30-year mortgage bears little resemblance to the "old" 10-year mortgage. Practically speaking, it
is "as if" Howard borrowed $800 cash by mortgaging the Westchester property nonrecourse, and
then used that borrowing to pay off his outstanding personal debt of $1,000. If he actually did
that, of course, there would be no doubt about taxability.
So: is there any real difference between what Howard proposes to do and what Kirby Lumber did
when it repurchased its outstanding debentures for less than face amount? There's some,
admittedly, since the Bank can claim any further appreciation in the Westchester property up to
$200 if Howard defaults. But will that be a saving factor? The Knetsch case, and even more
clearly the decision in Estate of Franklin, support the proposition that nonrecourse debt lacks
bona fide status if (or to the extent that) its economic significance depends on substantial
subsequent appreciation in the value of the securing property. Here, the property would have to
appreciate a further 25% ($800 to $1,000) before the original debt became fully collectible. For
tax purposes, therefore, maybe the original debt of $1,000 should be deemed to have been scaled
down to equal the value of the substituted collateral -- $800.

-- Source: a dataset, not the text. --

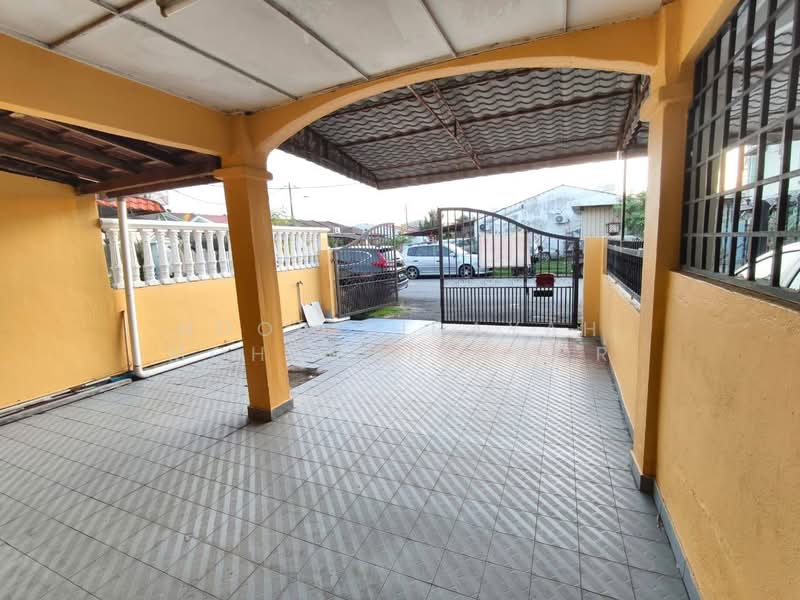 2-storey Terraced House for Sale in Balakong (Selangor) - Noor Hidayah Mohamad Noor - Exterior - PropertyGuru.com.my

#3. The Westchester property cost $300 and is now worth $800. Might there be a "realization"
problem? If we viewed the proposed arrangement as involving an exchange of the Westchester
residence for the release of Howard's personal debt, it would follow that the $500 ($800-$300) of
appreciation would be deemed realized and hence taxable as capital gain. If I owe my tailor $10
and he accepts in satisfaction stock that cost me $3 and has a value of $8, I suppose it could be
argued that I have both $2 of ordinary debt-cancellation income and $5 of realized capital gain.
Or perhaps the "exchange" would not be fragmented in that fashion (see the majority's rejection
of Justice O'Connor's concurring opinion in Tufts); if not, the result would be a $700 capital gain
and no ordinary debt-cancellation income at all.

To be sure, Howard hasn't given up equitable ownership of the Westchester property, and
Woodsam holds that nonrecourse mortgaging is not a realization. So perhaps the idea that the
property has been "exchanged" is rebuttable. Even so, the West. property is the essential element
in a deal that enables Howard to eliminate his personal indebtedness, and in that sense it might
be said to have been converted, or "drawn down", rather than merely used as collateral.

A lot depends on whether Howard's original mortgage debt would be deemed to have survived
the proposed restructuring - - or whether, on the other hand, the new arrangement would be
considered to have taken the place of the old. If the former, then the well-established Crane rule
-- viz., that personal and nonrecourse debt are indistinguishable for tax purposes - - would pretty
clearly point to the no-tax result in #1. Otherwise, if the latter.